Many more were being treated in the community by non-government organisations, he said.
"It's a concern for everybody," he said.
"There's very young kids in households where alcohol and drugs are rife and as you will see our services are seeing them and, as best as they can, treating them."
However, Dr Tapsell said real change would only come if the families got involved and addressed wider issues around why the child turned to alcohol and drugs.
He said the younger the child, the easier it was to get them back on track.
But unless drugs and alcohol were made less accessible, the situation wouldn't improve.
"There is absolutely no doubt that the availability of alcohol and other substances is a really, really important factor in where kids will end up.
"The less available we make alcohol, legal substances and illegal substances, the more likely it is we'll reduce the number of kids that need intervention."

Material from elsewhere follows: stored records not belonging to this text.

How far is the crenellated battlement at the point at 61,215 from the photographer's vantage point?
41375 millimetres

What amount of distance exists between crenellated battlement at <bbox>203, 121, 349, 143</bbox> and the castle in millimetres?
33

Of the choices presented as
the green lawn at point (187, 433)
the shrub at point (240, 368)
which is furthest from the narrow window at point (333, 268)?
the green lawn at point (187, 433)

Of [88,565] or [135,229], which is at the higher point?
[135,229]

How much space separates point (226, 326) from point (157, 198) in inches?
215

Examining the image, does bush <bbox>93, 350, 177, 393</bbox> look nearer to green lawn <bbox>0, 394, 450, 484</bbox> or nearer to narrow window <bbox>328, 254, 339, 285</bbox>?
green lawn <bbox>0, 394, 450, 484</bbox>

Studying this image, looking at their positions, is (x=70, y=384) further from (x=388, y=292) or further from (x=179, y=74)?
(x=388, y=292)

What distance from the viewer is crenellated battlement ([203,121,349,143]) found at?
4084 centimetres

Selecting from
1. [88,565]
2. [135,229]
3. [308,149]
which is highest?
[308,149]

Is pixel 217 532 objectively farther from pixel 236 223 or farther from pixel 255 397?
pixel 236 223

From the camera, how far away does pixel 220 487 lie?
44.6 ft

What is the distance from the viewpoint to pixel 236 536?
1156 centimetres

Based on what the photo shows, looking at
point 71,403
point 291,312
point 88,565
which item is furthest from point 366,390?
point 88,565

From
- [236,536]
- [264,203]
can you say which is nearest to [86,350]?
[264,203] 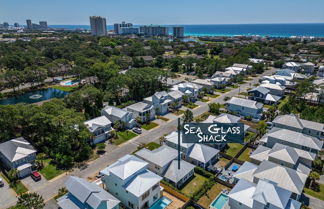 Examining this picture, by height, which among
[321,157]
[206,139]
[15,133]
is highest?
[206,139]

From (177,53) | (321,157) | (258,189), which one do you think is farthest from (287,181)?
(177,53)

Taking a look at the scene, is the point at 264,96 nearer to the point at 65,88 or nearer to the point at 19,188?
the point at 19,188

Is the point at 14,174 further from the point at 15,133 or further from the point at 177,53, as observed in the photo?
the point at 177,53

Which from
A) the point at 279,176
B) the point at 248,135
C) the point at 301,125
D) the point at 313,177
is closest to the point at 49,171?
the point at 279,176

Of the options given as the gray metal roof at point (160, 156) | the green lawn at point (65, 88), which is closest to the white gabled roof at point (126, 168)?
the gray metal roof at point (160, 156)

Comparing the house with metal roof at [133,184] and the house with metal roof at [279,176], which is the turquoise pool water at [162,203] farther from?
the house with metal roof at [279,176]

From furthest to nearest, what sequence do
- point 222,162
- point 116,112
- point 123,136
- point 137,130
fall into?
point 116,112 < point 137,130 < point 123,136 < point 222,162
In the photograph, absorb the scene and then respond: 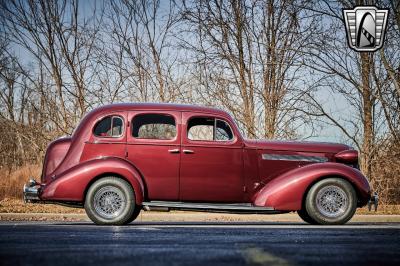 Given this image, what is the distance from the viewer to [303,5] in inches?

Waikato Alcohol and Drug Community Support Trust director Stephen King said there was a "huge increase" in kids turning to drugs and "it's getting younger all the time".
"But their misuse of alcohol and or other substance is just a sign of deeper problems and until we stop focusing on treating the symptoms and start dealing with the root cause, it won't get any better.
"Well-balanced children don't tend, in my experience, to have a need to enhance life by using alcohol and drugs."
Child and Youth Mortality Review Committee chairman, paediatrician Dr Nick Baker, said the solution lay at a young age and as far back as the previous generation "when they were nine".
"We have to get people prepared to be good parents and becoming parents when they want to become parents."
He said children who turned to drugs most often had grown up exposed to adverse experiences at a early age.
"They may not have had the love and affection that makes people happy and gives them a buzz."